Simple distillation is used when the liquid is (a) relatively pure (containing no more than 10% liquid contaminants), (b) has a non-volatile component, such as a solid contaminant, or (c) is mixed with another liquid with a boiling point that differs by at least 25 °C. Fractional distillation is used when separating mixtures of liquids whose boiling points are more similar (separated by less than 25 °C).
This video will detail the fractional distillation of a mixture of two common organic solvents, cyclohexane and toluene.
To separate two or more liquids by simple distillation, they are first heated in a flask. The more volatile liquid (the liquid with the lower boiling point) will typically evaporate first, and the vapor will pass into a condensing column, where it can revert into a liquid (condense) on the cool glass walls and then drip into a collection vessel (Figure 1).
Figure 1. Apparatus for simple distillation.
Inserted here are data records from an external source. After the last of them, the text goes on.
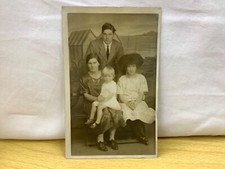 Parents & Two Girls posing in front of beach scene for K Ltd photo postcard
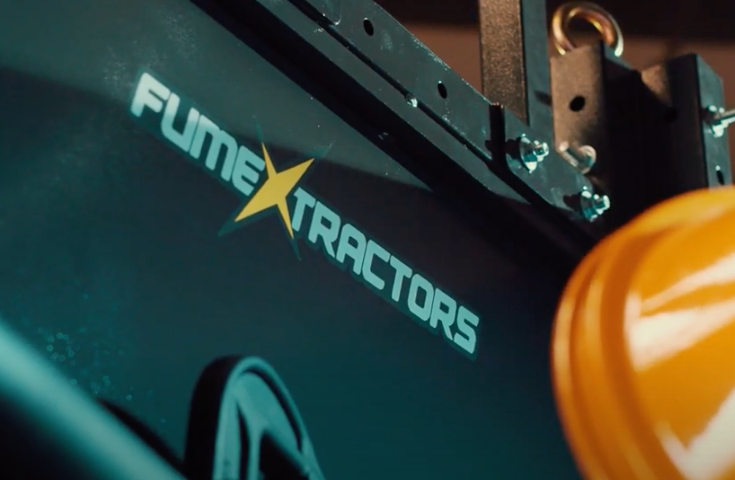 A close-up of a Fume Xtractors welding booth showing the company logo on the side panel with a small snippet of a fume extraction arm.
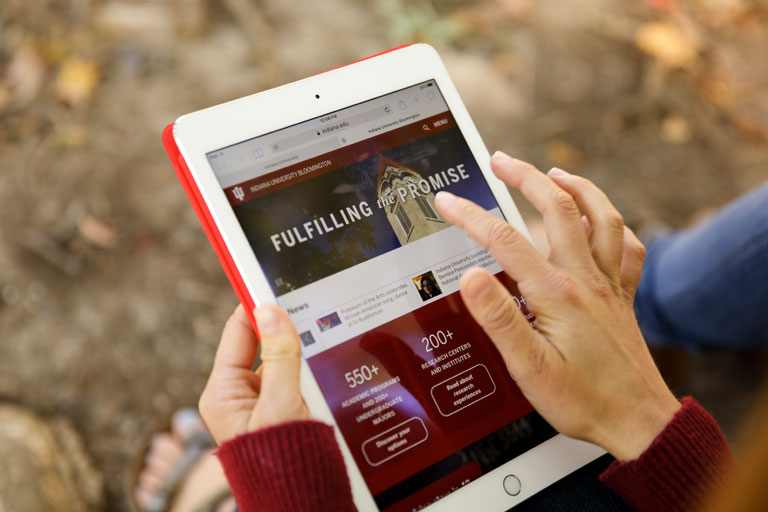 An IU Studios staff member presents a website on a tablet; the page shows the tower of the Student Building on the IU Bloomington campus along with the words 'Fulfilling the Promise' and some statistics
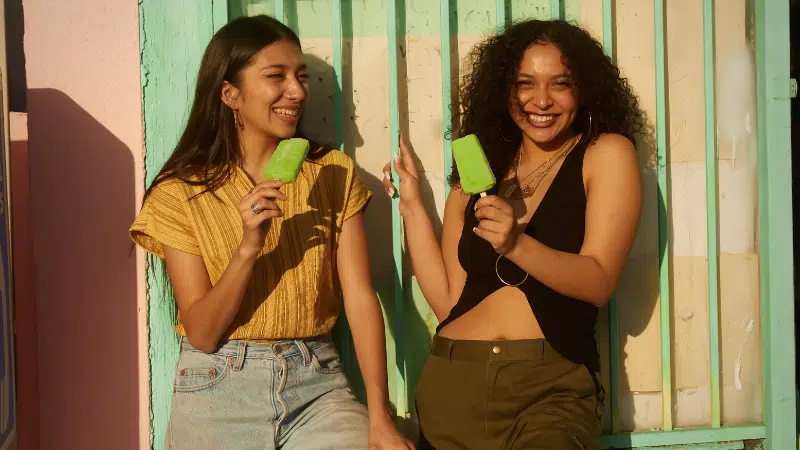 Two young women holding ice creams in front of a building.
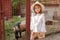 Preteen girl standing near stall with goat in country estate in summer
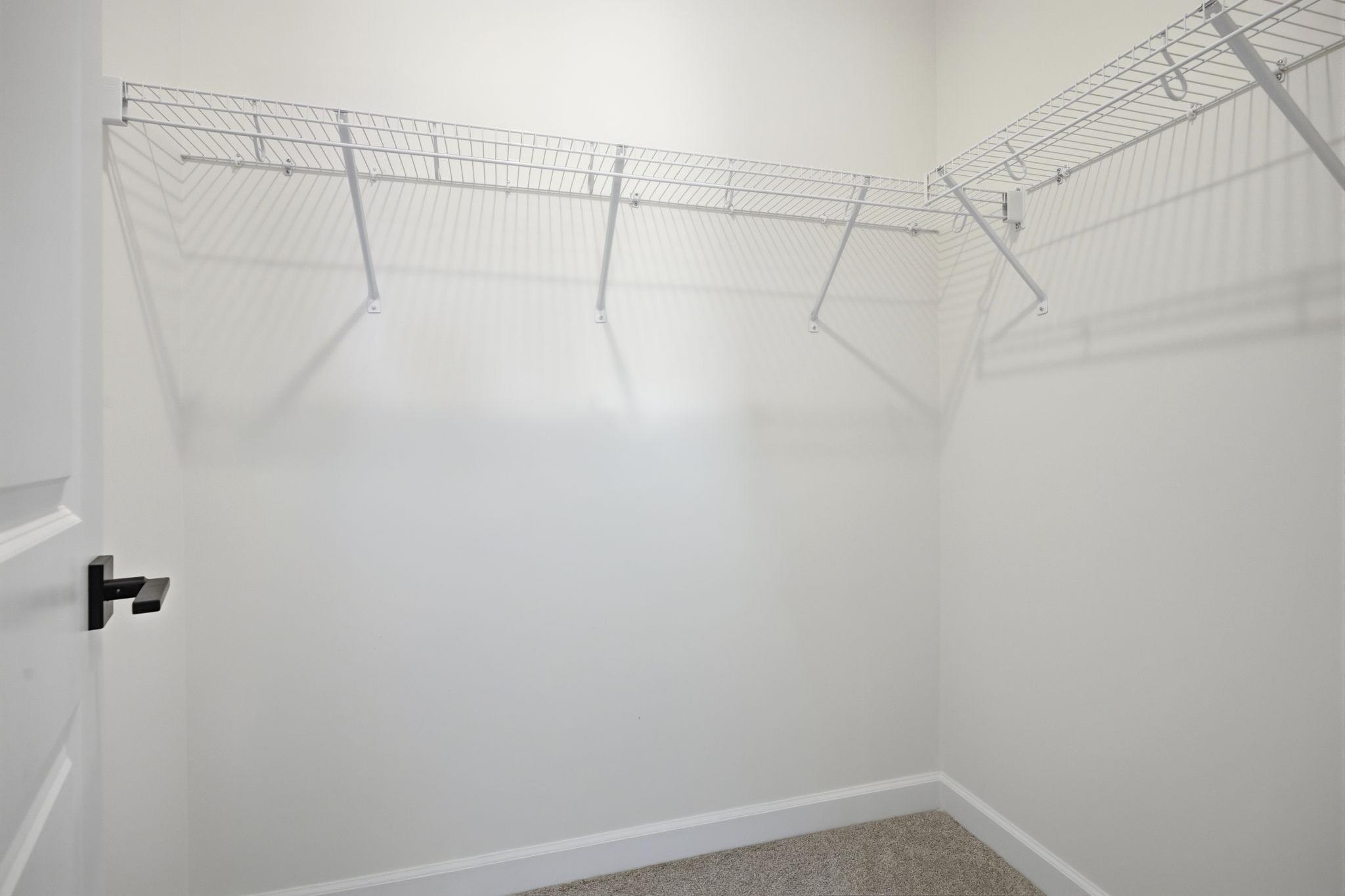 Spacious walk-in closet in The Ashport K home design featuring white wire shelving and plush carpeting.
In fractional distillation, a mixture of liquids is boiled and the resulting vapors travel up a glass tube called a "fractionating column" and separate. The fractionating column is placed between the flask containing the mixture and the "Y" adaptor, and is usually filled with glass or plastic beads, which improves the separation between the liquids being distilled. Fractional distillation leads to a better separation than simple distillation because the glass beads in the fractionating column provide 'theoretical plates' on which the vapors can condense, reevaporate, and then recondense, essentially distilling the mixture over and over. One theoretical plate is equivalent to one vaporization-condensation cycle, which is equivalent to one simple distillation. The more volatile liquids will gradually move towards the top of the fractionating column, while lower boiling liquids will stay towards the bottom, giving a better separation between the liquids. The vapor eventually reaches the condenser, where it is cooled and then drips into the collection vessel.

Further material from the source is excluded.